Friday , 19 April 2024

“No Journalist Detained:” Iranian FM Minimizes Extent Of Protest Crackdown

Iranwire – The Iranian foreign minister has rejected widespread evidence that tens of thousands of people had been arrested during the anti-government protests that have swept Iran for more than four months, and that “no journalists” had been sent behind bars for doing their job.

Contrary to what Hossein Amir-Abdollahian suggested in an interview published by U.S. National Public Radio (NPR) on February 8, the authorities have cracked down hard on the demonstrations triggered by the September death of a 22-year-old Kurdish woman, Mahsa Amini, in the custody of Tehran’s morality police.

Human rights activists say security forces have killed more than 520 people and illegally detained over 19,000 in connection with the protests.

Following biased trials, the judiciary has handed down stiff sentences to protesters, including capital punishment to about 20 people, mostly on non-murder charges. At least four of them have been executed so far amid international outrage.

Meanwhile, the authorities have detained, summoned and threatened dozens of journalists. Some of those arrested have been released but have been handed prison sentences.

Since the beginning of the year alone, at least eight journalists and photographers have been sent into custody for simply carrying out their journalistic activities. Four of them have been released on bail and are awaiting sentencing.

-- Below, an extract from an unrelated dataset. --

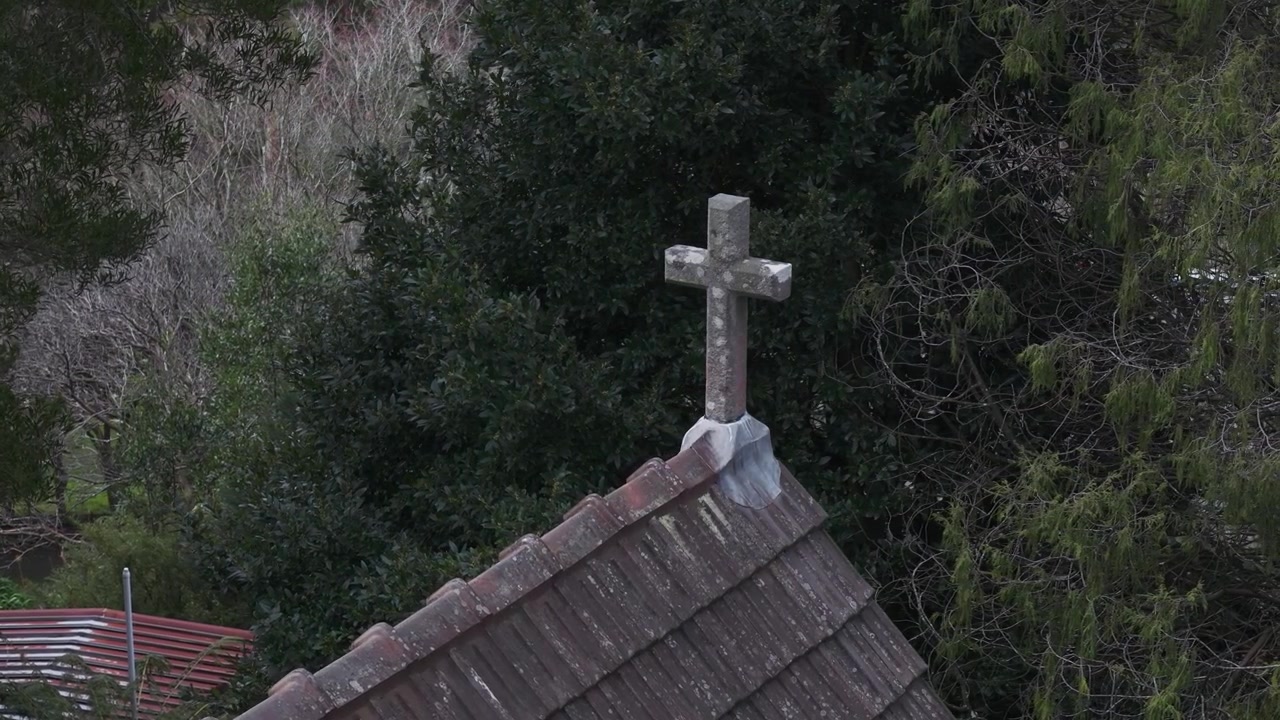 Scatto grandangolare del tetto in tegole consumato di una vecchia chiesa con una croce di pietra a Olinda, Melbourne, incorniciato da una fitta vegetazione e una luce naturale suggestiva, senza persone visibili.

“Allow me to point out that when you say tens of thousands have been detained, well, this is not exactly accurate,” Amir-Abdollahian told NPR, adding that“those who were detained were people who played a role in the riots on the streets. That being said, hundreds were carried away.”

The minister also claimed that “no journalist was detained” during recent protests.

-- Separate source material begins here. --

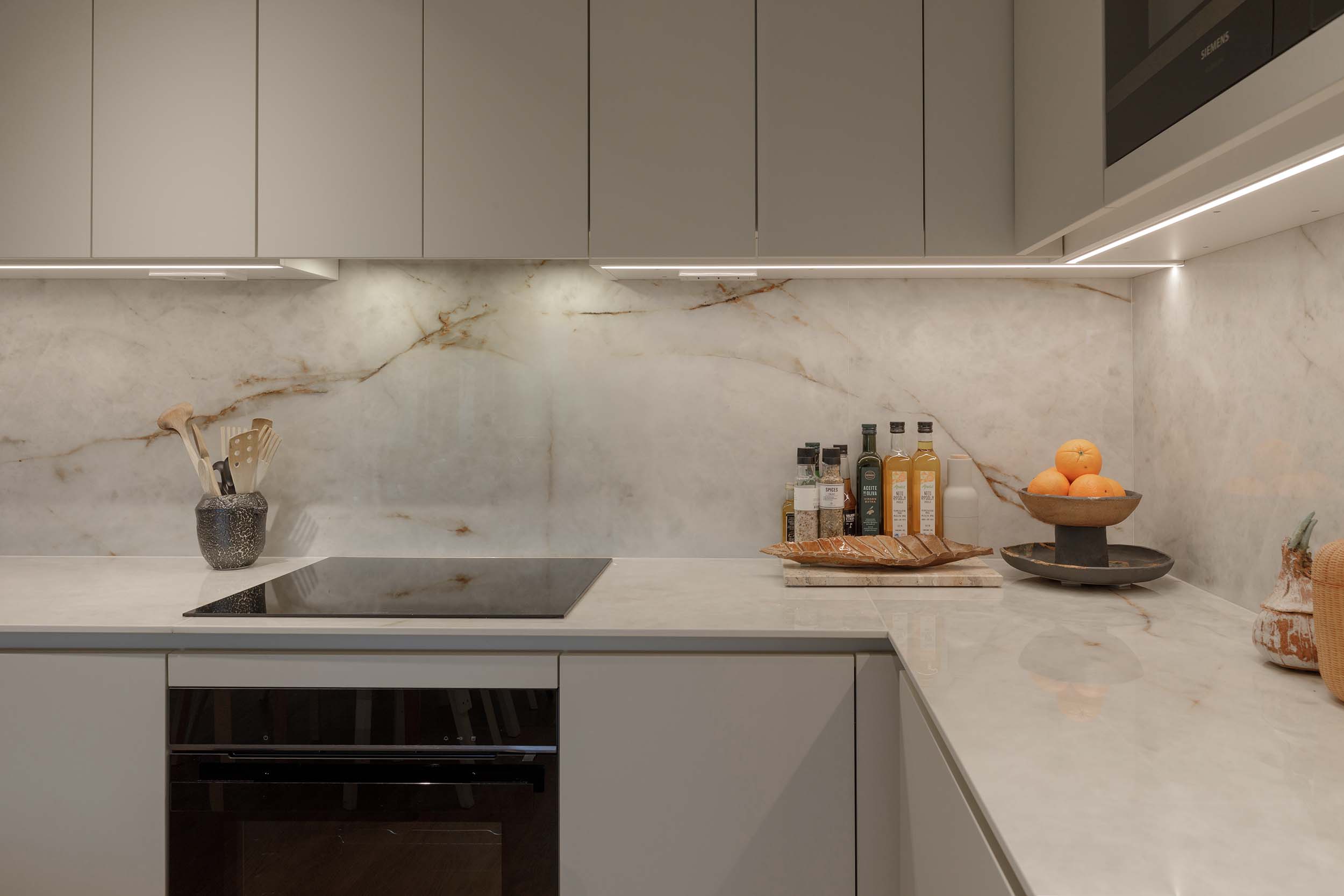 Modern kitchen countertop with built-in stovetop, kitchen utensils in a black container, bottles of oils and spices, a loaf of bread on a cutting board, and a bowl of oranges on a marble backsplash.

“We cannot confirm the detention of journalists in Iran. It’s very easy to relabel the person who has been detained. You could, at any moment, call that person in question a defendant of human rights, a journalist, among others,” he said.

The international community and United Nations officials disagree with Amir-Abdollahian’s views.

Last month, the UN human rights chief says that the Iranian government has “weaponized” criminal proceedings and the death penalty to “punish” protesters and “strike fear” into the population in an effort to suppress dissent.

The Iranian government “would better serve its interests and those of its people by listening to their grievances, and by undertaking the legal and policy reforms necessary to ensure respect for diversity of opinion, the rights to freedom of expression and assembly, and the full respect and protection of the rights of women in all areas of life,” UN High Commissioner for Human Rights Volker Türk said in a statement on January 10.

In November, the UN’s top human rights body, the Geneva-based Human Rights Council, backed a resolution to establish a fact-finding mission on human rights abuses committed by Iranian authorities in their bloody crackdown on the ongoing protests.

The mission is mandated to “collect, consolidate and analyze” evidence of rights violations, “especially with respect to women and children,” linked to the ongoing wave of protests, and to “preserve evidence” with a view to future prosecution.